Cite as: http://hdl.handle.net/21.11116/0000-0003-CBAD-6
Abstract
The highly conserved core circadian clock component TIMING OF CAB EXPRESSION 1 (TOC1) contextualizes environmental stress responses in plants, for example by gating abscisic acid (ABA) signaling and suppressing thermoresponsive growth. Selective interaction of TOC1 with PHYTOCHROME B (PHYB) under far-red-enriched light suggests a connection between circadian gating of light responses and sensitivity to ABA, an important regulator of growth and stress responses, including under drought. However, the fitness consequences of TOC1 function, particularly in the root, are poorly understood. Here, we used the desert annual, Nicotiana attenuata, to investigate the function of TOC1 in shoots and roots for maintaining fitness under drought, in both field and glasshouse experiments.

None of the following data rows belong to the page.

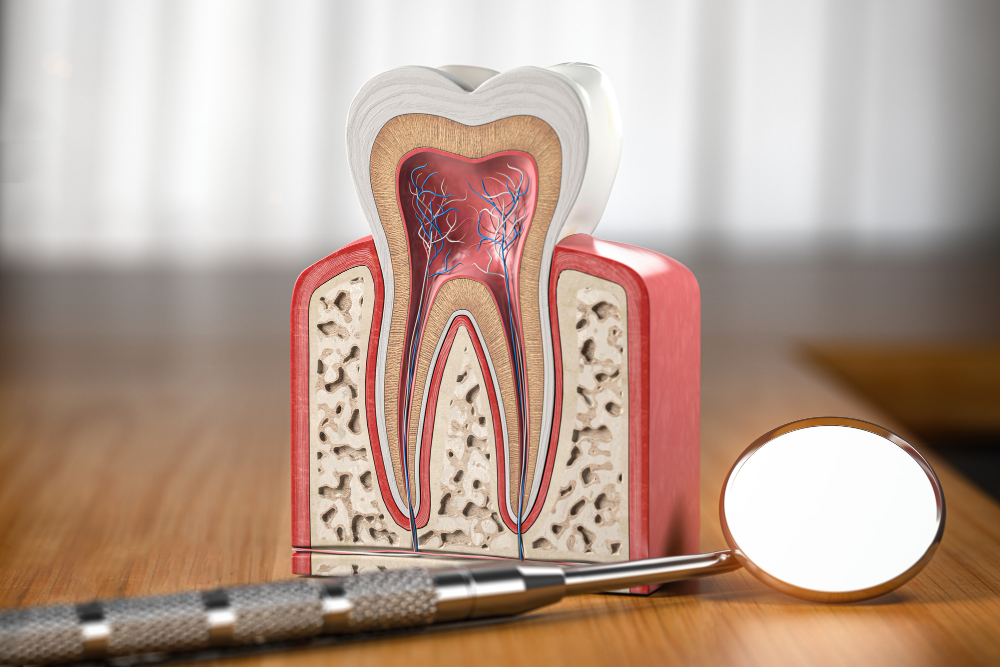 Root Canals  Memphis, TN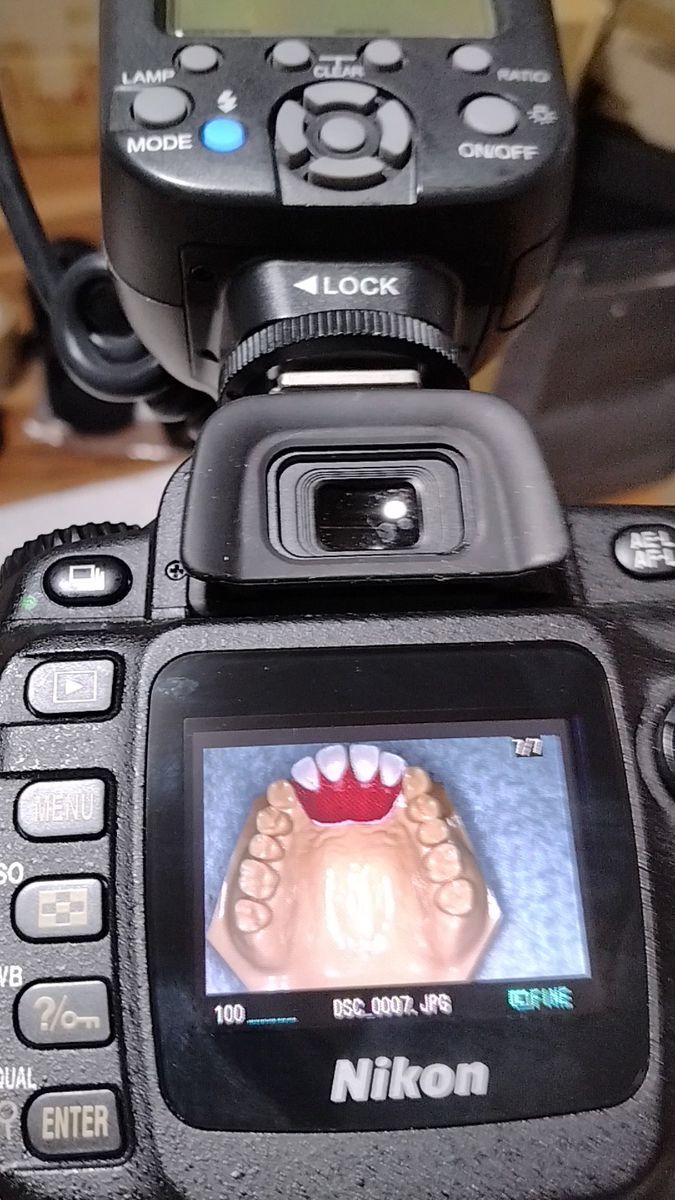 ニコンD50 マクロ撮影セット 口腔内写真OK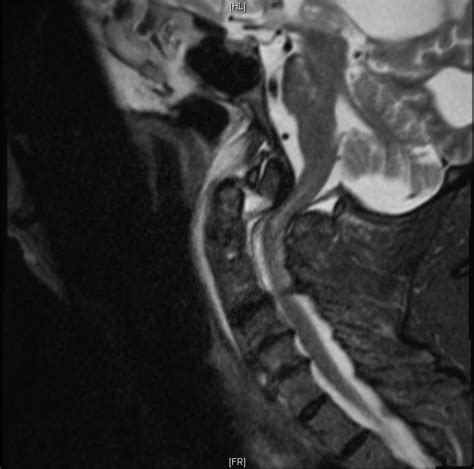 Odontoid Fracture Radiology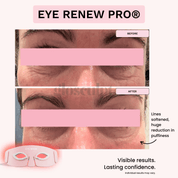 Eye Renew Pro®: 4 - in - 1 Bright Eyes Red Light Mask - GloSculpt Skin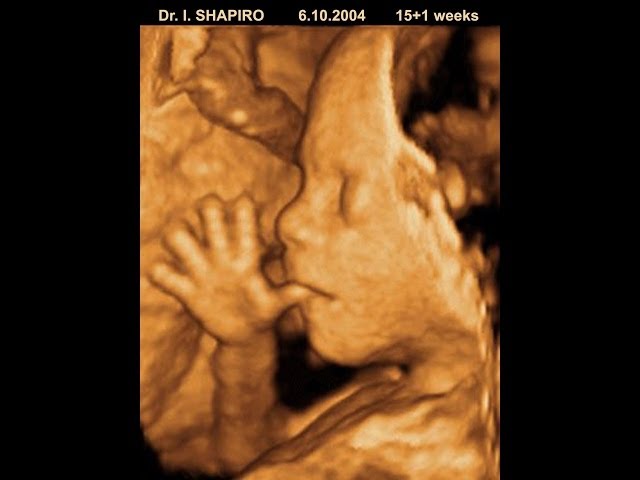 TIMT:: Ultrasound screening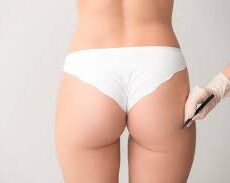 Prix Chirurgie Esthétique lifting des fesses Tunisie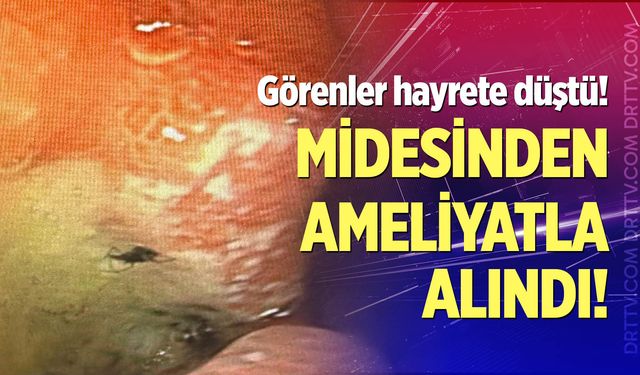 İlginç ama gerçek!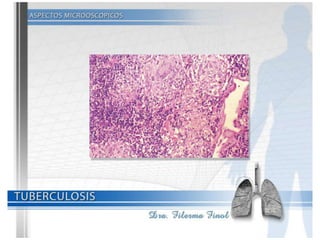 Tuberculosis Dra. Filerma Finol. 2013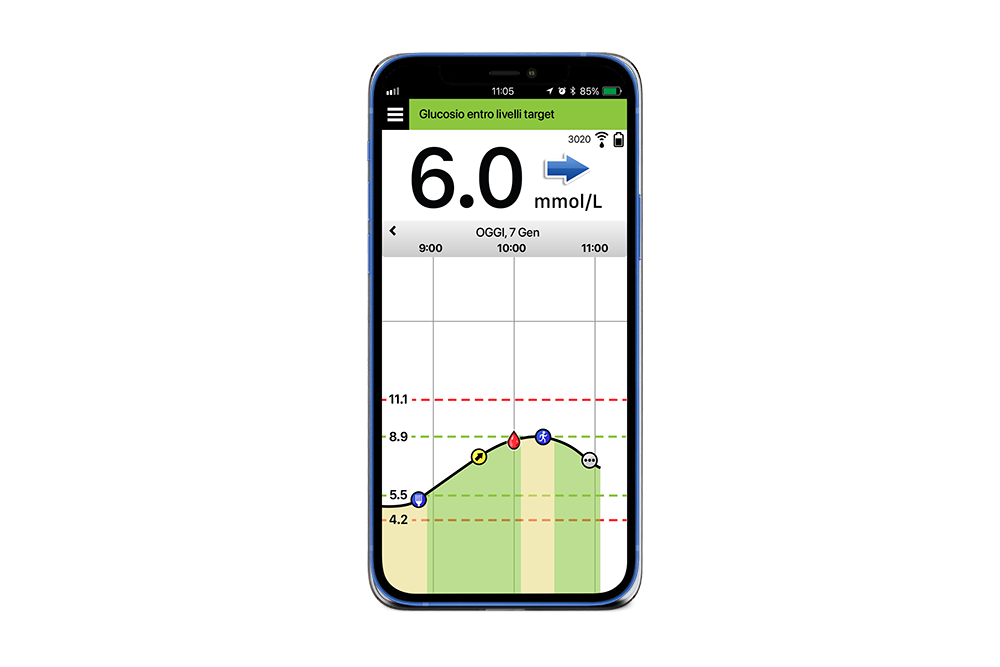 Donna con in mano un cellulare con informazioni sul diabete di Eversense.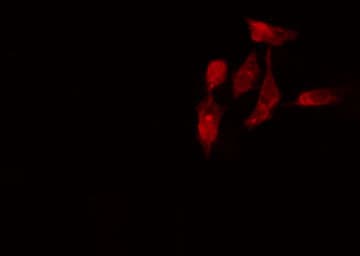 Polyclonal Rabbit anti-Human RPL7L1 Antibody (IF, WB)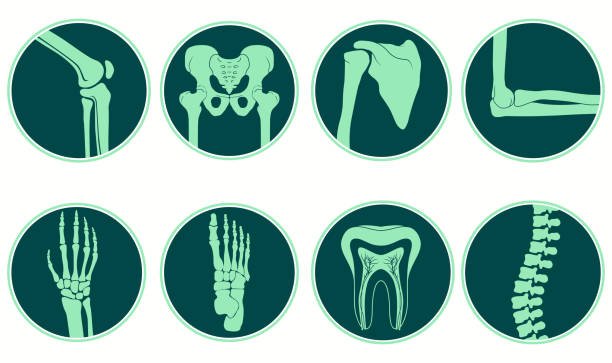 التشوهات الخلقية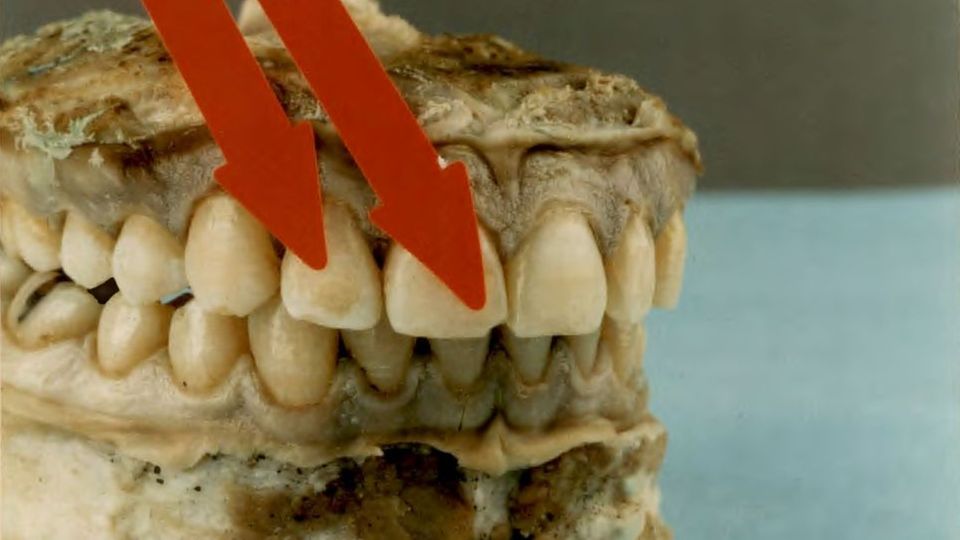 The teeth of the victim from Hagen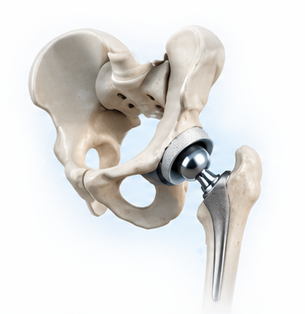 Total Hip Replacement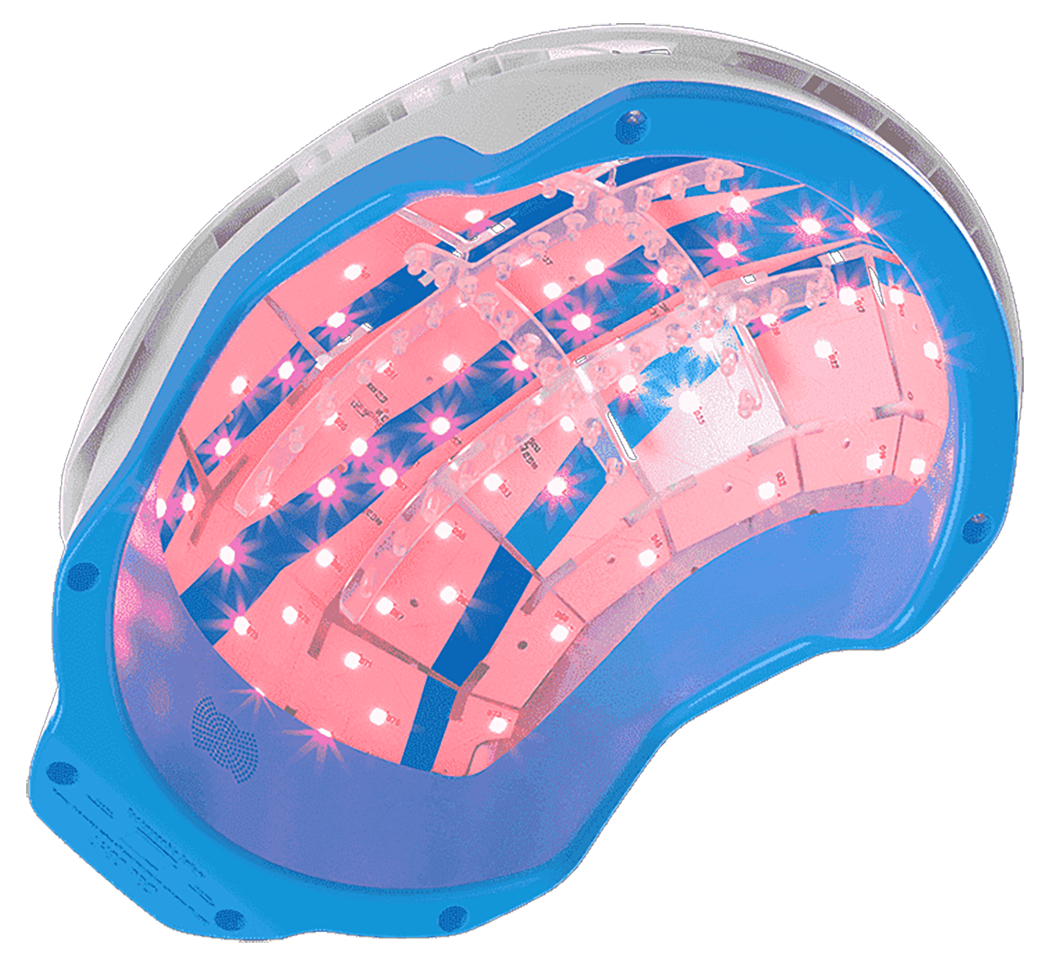 theradome helmet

Despite marked decreases in leaf water loss, TOC1-deficient (irTOC1) lines failed to maintain fitness in response to drought stress as measured by total seed capsule production. Restoring TOC1 transcript levels in shoots via micrografting was sufficient to restore wild-type drought responses under field conditions. Microarrays identified a co-expression module in leaves strongly linking red and far-red light signaling to drought responses in a TOC1-dependent manner, but experiments with phytochrome-deficient lines revealed that the effects of TOC1 deficiency under drought cannot be attributed to changes in red/far-red light perception alone. Taken together, these results elucidate the sophisticated, tissue-dependent role of the circadian clock in maintaining fitness in the face of long-term abiotic stresses such as drought.